17. Célula huésped según la reivindicación 16, en la que la enzima es una metiltransferasa.

18. Célula huésped según cualquiera de las reivindicaciones 14 a 17, que es una cepa de actinomiceto.

19. Célula huésped según la reivindicación 18, en la que la cepa de actinomiceto se seleccionada del grupo formado por Saccharopolyspora erythraea, Streptomyces coelicolor, Streptomyces avermitilis, Streptomyces griseofuscus, Streptomyces cinnamonensis, Streptomyces fradiae; Streptomyces longisporoflavus, Streptomyces hygroscopicus, Micromonospora griseorubida, Streptomyces lasaliensis, Streptomyces venezuelae, Streptomyces antibioticus, Streptomyces lividans, Streptomyces rimosus, Streptomyces albus, Amycolatopsis mediterranei, y Streptomyces tsukubaensis.

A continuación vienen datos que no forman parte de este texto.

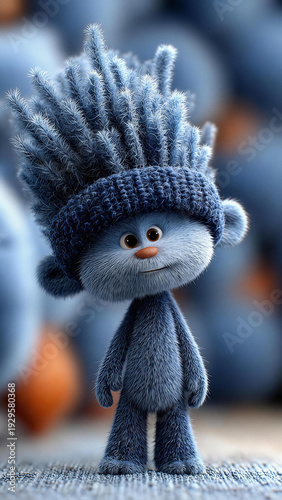 Small blue fuzzy troll character with knit hat 3D render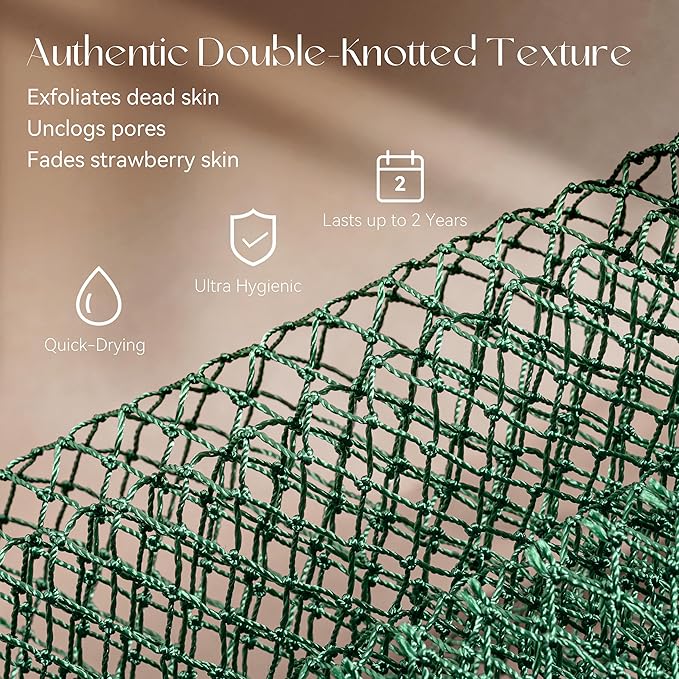 CORATED African Net Sponge Authentic, Shower Net with Knots Loofah Exfoliating Bath Sponge, Body Scrubber for Women Daily Use Body Care, Travel Portable Bath Accessories for Bathroom (Black & Grey)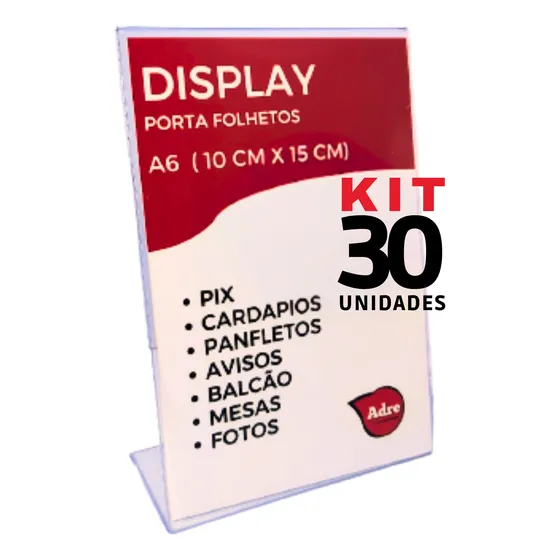 30 Displays A6 L Expositor 10x15 Acrílico (ps) Pix Aviso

20. Procedimiento para producir un producto híbrido glucosilado, comprendiendo el procedimiento:

cultivar la célula huésped según cualquiera de las reivindicaciones 14 a 22, en el que la célula huésped está provista de una plantilla de aglicona exógena, y

aislar el producto así producido.

21. Procedimiento para producir una librería que comprende una pluralidad de productos híbridos glicosilados, comprendiendo el procedimiento:

a) eliminar o inactivar uno o más genes en una célula huésped de microorganismo implicada en el procesamiento de una plantilla de aglicona endógena de manera que se suprime la producción de un producto natural glicosilado mediante dicha célula huésped de microorganismo;

b) transformar dicha célula huésped de microorganismo con ácido nucleico que codifica una o más glucosiltransferasas (GT); y

c) proporcionar una o más plantillas de aglicona exógena a las GTs de manera que las GTs transfieren una o más fracciones de azúcar a la plantilla de aglicona exógena para producir dicha pluralidad de productos híbridos glicosilados;

en el que uno o más de la fracción o fracciones de azúcar, la plantilla de aglicona exógena, la glicosiltransferasa o las células huésped es heteróloga con los otros componentes.

22. Procedimiento según la reivindicación 21, en el que la célula huésped también se transforma con uno o más genes auxiliares.

23. Procedimiento según la reivindicación 22, en el que dicho uno o más genes auxiliares comprenden un gen de vía de azúcar que codifica una proteína implicada en la biosíntesis de una fracción de azúcar, lo que permite que una célula huésped transformada con el casete de expresión produzca fracciones de azúcar para su posterior transferencia a la plantilla de aglicona exógena.

24. Procedimiento según las reivindicaciones 21 ó 23, en el que los genes auxiliares comprenden una enzima para modificar la fracción de azúcar y/o la plantilla de aglicona exógena, antes o después de la unión de la fracción de azúcar a la plantilla de aglicona exógena.

25. Procedimiento según la reivindicación 24, en el que la enzima es una metiltransferasa.

26. Procedimiento según una cualquiera de las reivindicaciones 21 a 25, que también comprende cribar la librería para un producto híbrido glucosilado que tiene una característica deseada.

27. Procedimiento según una cualquiera de las reivindicaciones 21 a 26, que también comprende aislar una célula huésped que produce un producto glicosilado híbrido deseado.

28. Procedimiento según la reivindicación 27, que también comprende cultivar las células huésped y aislar el producto glicosilado híbrido así producido.

29. Procedimiento según cualquiera de las reivindicaciones 21 a 28, en el que la biosíntesis endógena de poliquétidos se suprime mediante la mutación, supresión o inactivación de uno o más de los genes PKS presentes de forma natural en las células.